Task statement:
The lines below must be transcribed exactly as given, with the images removed.

Collected data:
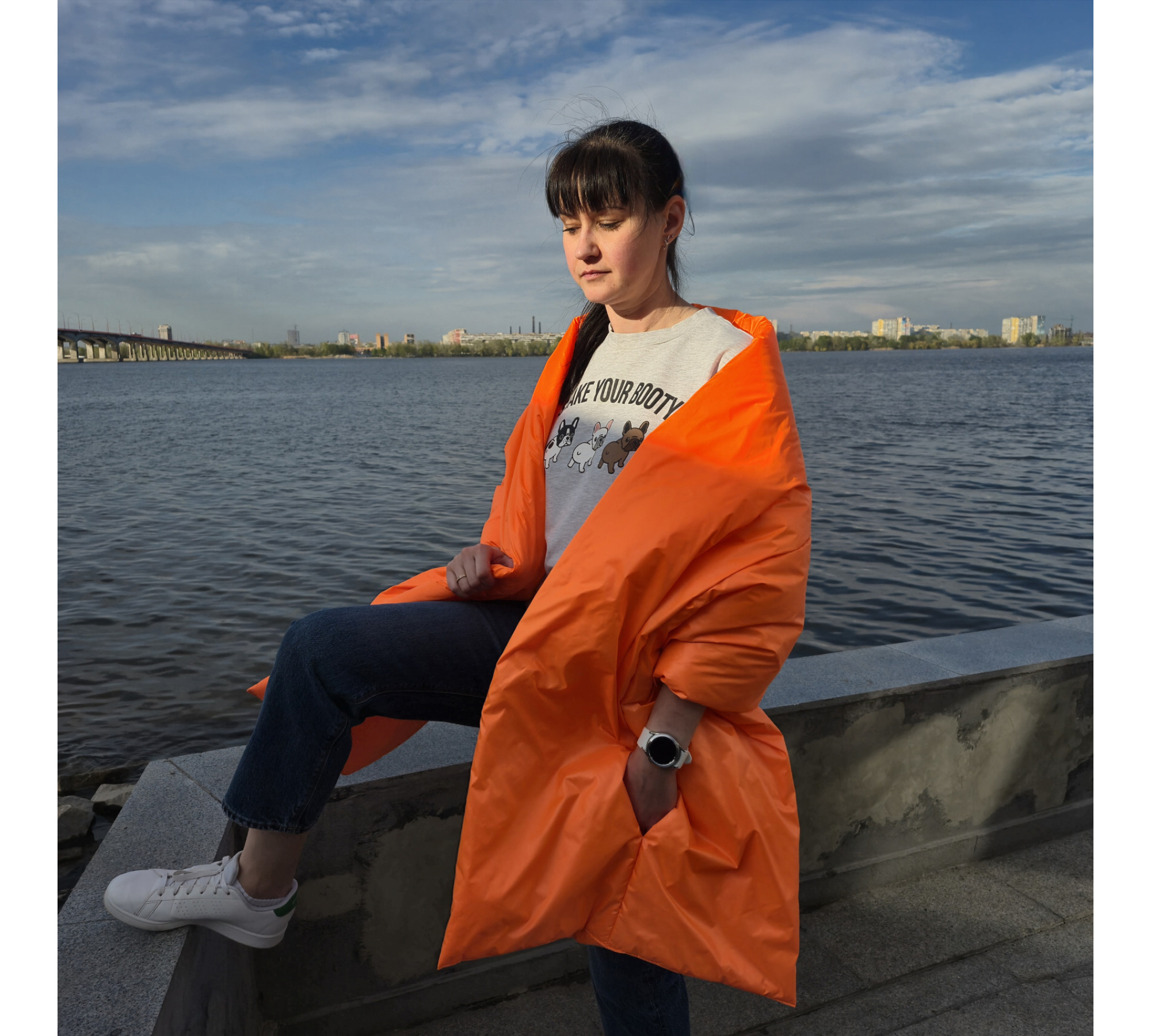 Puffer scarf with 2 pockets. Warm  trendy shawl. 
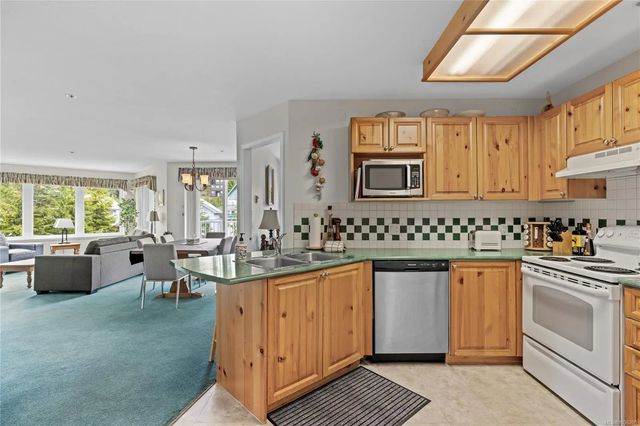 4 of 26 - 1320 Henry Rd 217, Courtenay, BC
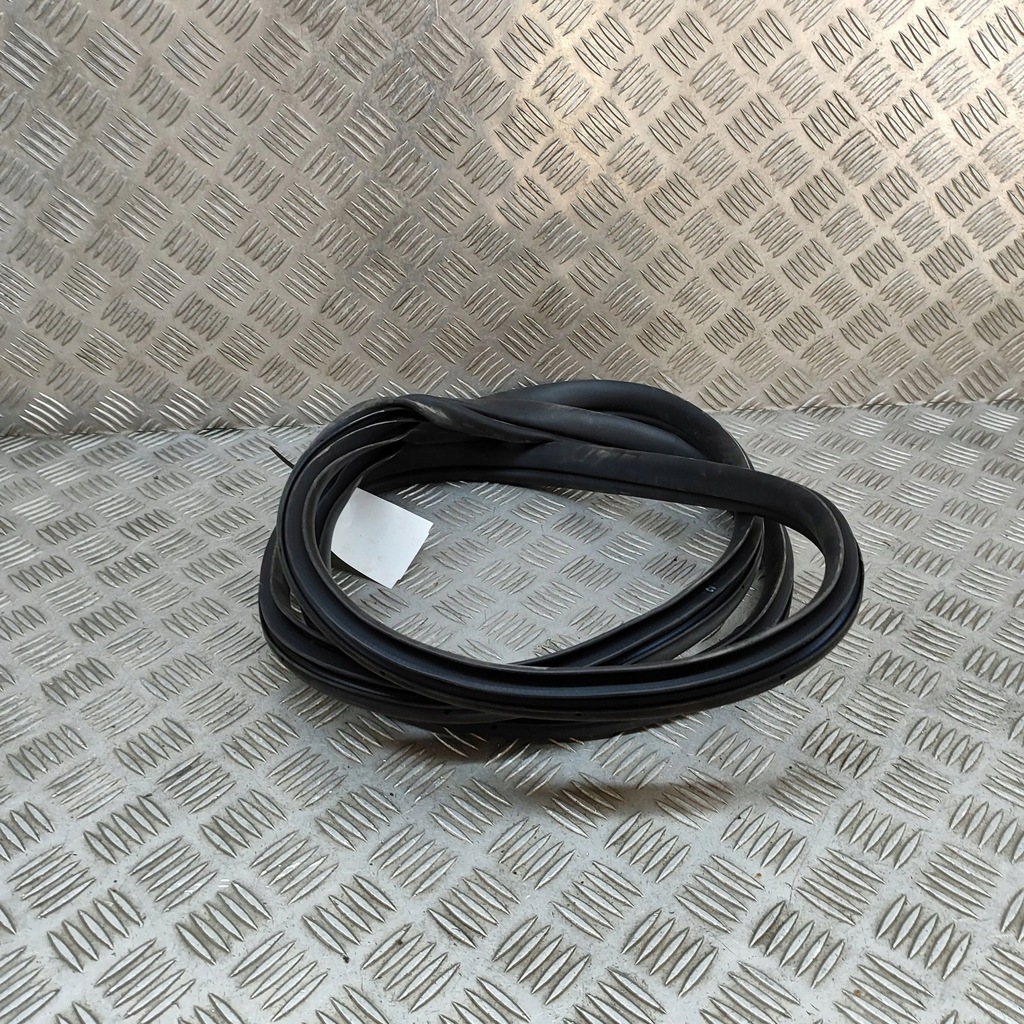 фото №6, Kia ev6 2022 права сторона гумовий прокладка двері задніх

Reply:
 Puffer scarf with 2 pockets. Warm  trendy shawl. 
 4 of 26 - 1320 Henry Rd 217, Courtenay, BC
 фото №6, Kia ev6 2022 права сторона гумовий прокладка двері задніх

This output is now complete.